Pops Mensah-Bonsu- He is a very athletic and explosive PF that plays physical inside. He would be a great energy boost off the bench and would provide some nice defense for us. He has potential to be a very good offensive, and defensive player and a very good rebounder as well. He would be a very good, youthful addition to our bench, and would provide our low post with some needed athleticism.


----------



## Guth

texan said:


> Pops Mensah-Bonsu- He is a very athletic and explosive PF that plays physical inside. He would be a great energy boost off the bench and would provide some nice defense for us. He has potential to be a very good offensive, and defensive player and a very good rebounder as well. He would be a very good, youthful addition to our bench, and would provide our low post with some needed athleticism.



Plus, I think the possibility of a "Mensah-Bonsu" Spurs jersey would drive up sales of Spurs jerseys by at least 1000%...I know I would buy one


----------



## KokoTheMonkey

Guth said:


> Plus, I think the possibility of a "Mensah-Bonsu" Spurs jersey would drive up sales of Spurs jerseys by at least 1000%...I know I would buy one




That doesn't beat Boumtje-Boumtje though.


----------



## KokoTheMonkey

Hey texan, what do you know about this Mickael Gelabale guy?

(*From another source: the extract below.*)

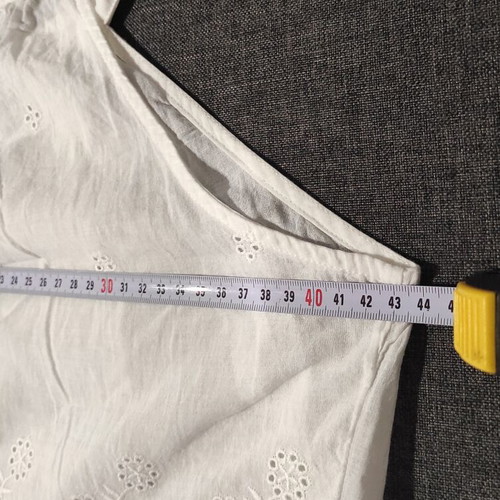 White top size S like new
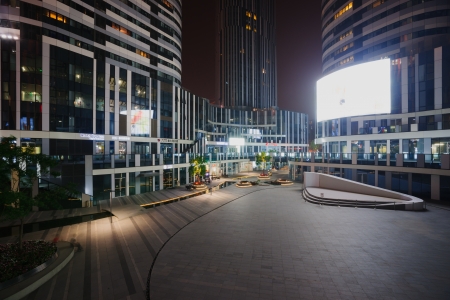 Beijing, China - June 7, 2012: Beijing Sanlitun SOHO Commercial District is a new shopping and recreation district.As the modern building and famous international retail enterprises,more and more chinese people and foreigners to go shopping at here.In recのeditorial素材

Draftcity's latest mock has the Spurs taking him, and reading up on his profile he sounds pretty interesting. They say he's very athletic (Something I think this team desperately needs), and he's a very focused defender who's quick on his feet. He's from France, so it's very possible Parker knows his game, and it sounds like he's a team player who has a good head on his shoulders. Thoughts? Given the Spurs refusal to take American players in the draft, I think this is a realistic option at this point.


----------



## KokoTheMonkey

Updated Mocks (6/13):

NBADraft.net 

28. Wayne Simien PF


DraftExpress.com 


28. Angelo Gigli SF


Hoopshype.com 


28. Rudy Fernandez SG



3 different mocks at Sportsline.com 



28. Ronny Turiaf PF
28. Francisco Garcia SG
28. N. Aleksandrov SF





Kind of funny seeing that none of these mocks have the Spurs picking the same player.


----------



## KokoTheMonkey

DraftExpress.com has Rashad McCants falling to #30. 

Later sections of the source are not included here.